Can anybody tell me what type of dish I need to get strong signal from satellite ST1 ku band....


----------



## Davenlr (Sep 16, 2006)

What is ST1? Orbital Location?

Here is a list of America visible satellites. I dont see ST1.

http://www.lyngsat.com/america.html


----------



## harryjaswal (May 24, 2012)

It's ST1 @ 88 degree east and m in Australia( Melbourne)


----------



## Davenlr (Sep 16, 2006)

OK. St1 only covers the very northern boarder of Austrailia. You are WAY out of the footprint. Doubt you will be able to get it.

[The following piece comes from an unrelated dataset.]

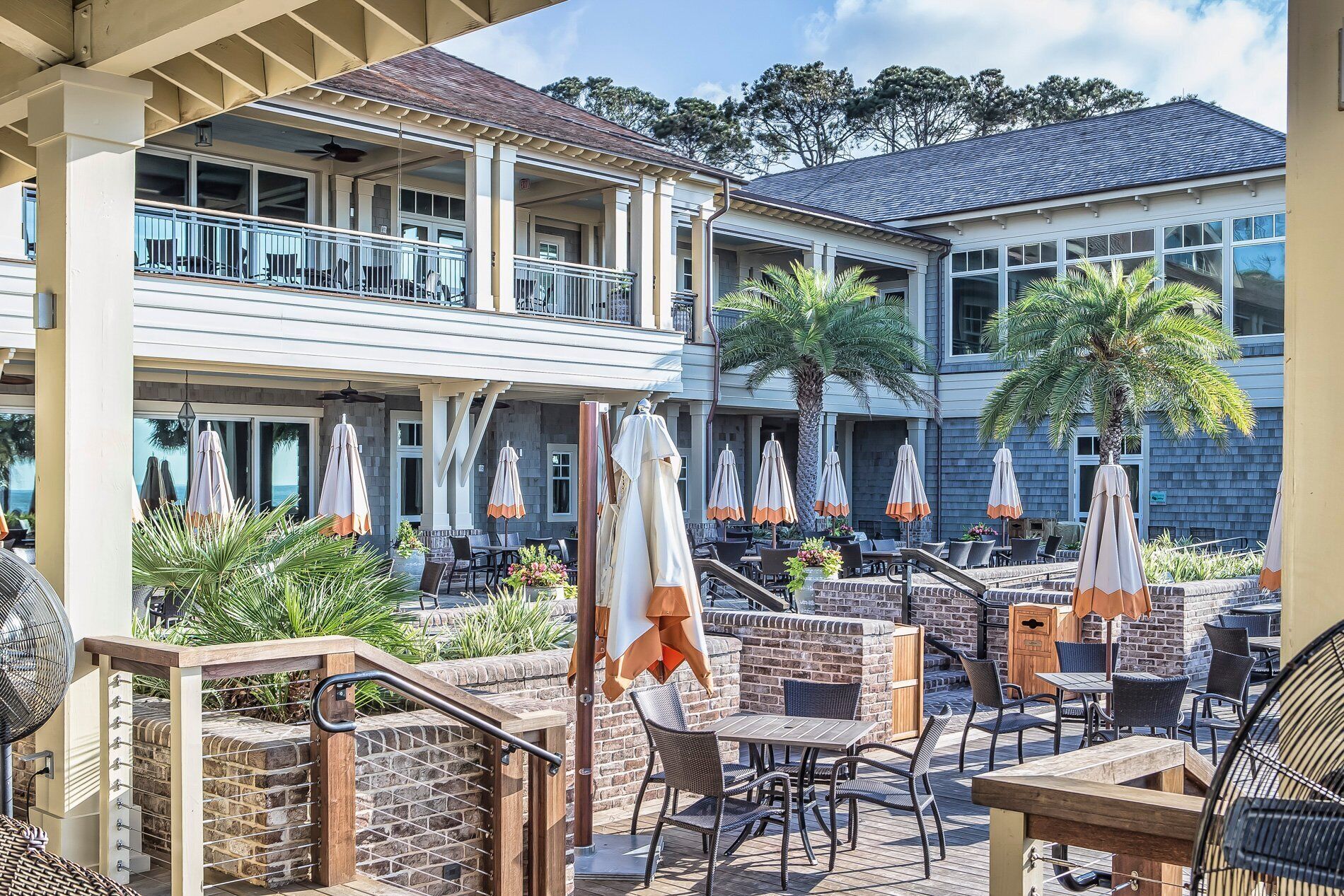 Un hotel con zonas de estar al aire libre, patios cubiertos y vistas al océano.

Here is a website. Click on FOOTPRINT, arrow the pointer over to 88E, and click on ST1.
It will give you a footprint map.

http://www.satbeams.com/footprints


----------



## harryjaswal (May 24, 2012)

It is outside the foot prints but it shows a green line to where I lives,
Is that means I still can receive signal????
If you can help please. I don't no much about it....
What about if I use bigger dish like 2.3 or 3 meter one???


----------



## Davenlr (Sep 16, 2006)

Generally, if it is outside the footprint, (and you are WAY outside), you wont be able to get it. The line is simply showing you can see they satellite in the sky, but that will not do you any good if the satellite is pointing the signal the other way.

I can see the South American satellites, but even with a 3 meter dish, I get no signal from them. It would be like trying to see the beam of a flashlight during the day. If you point it right at you, you can see the light, but if its pointed away, the daylight (noise in the case of a satellite) will keep you from seeing the beam.

That is how American satellites can use the same frequency to send signals to 6 or 8 different cities at the same time, since the people in one city will only see the beam pointed at them, and not be able to see the other ones.


----------



## harryjaswal (May 24, 2012)

Thanx for your help,
If u can guide me with the whole thing that he great.
I can't use ST1 as u said but what about MEASAT 3 @91.5 east, NSS 6 @ 95 east, SES7 @ 108.2 east or INSAT 4A @ 83 east.


----------



## Davenlr (Sep 16, 2006)

You can use any satellite that has the colored footprint area covering your town.
The darker the color (center of the footprint) the smaller dish you will need. If you are on the last band, you may need up to about a 3 or 4 meter dish for C band, or 1.2M to 3M for Ku. That is assuming the channels you want to watch are not scrambled, and your receiver is capable of picking up the format of the signal they are sending out.

A standard definition receiver will not pick up an High Definition station for example, a Pal receiver may have problems with Secam transmissions. It all depends on the equipment. 

I would suggest finding a satellite dealer in your town, who would have much much better information for you than I could give you here on the other side of the planet, as I am not familiar with any of your satellites down there.


----------



## Davenlr (Sep 16, 2006)

Here is a list of satellites you may be able to get, along with the dish size needed:
http://www.satplus.com.au/files/satellite_fta_list.pdf


----------



## harryjaswal (May 24, 2012)

Thanx for your help,
Really Appriciate it mate...have a good one


----------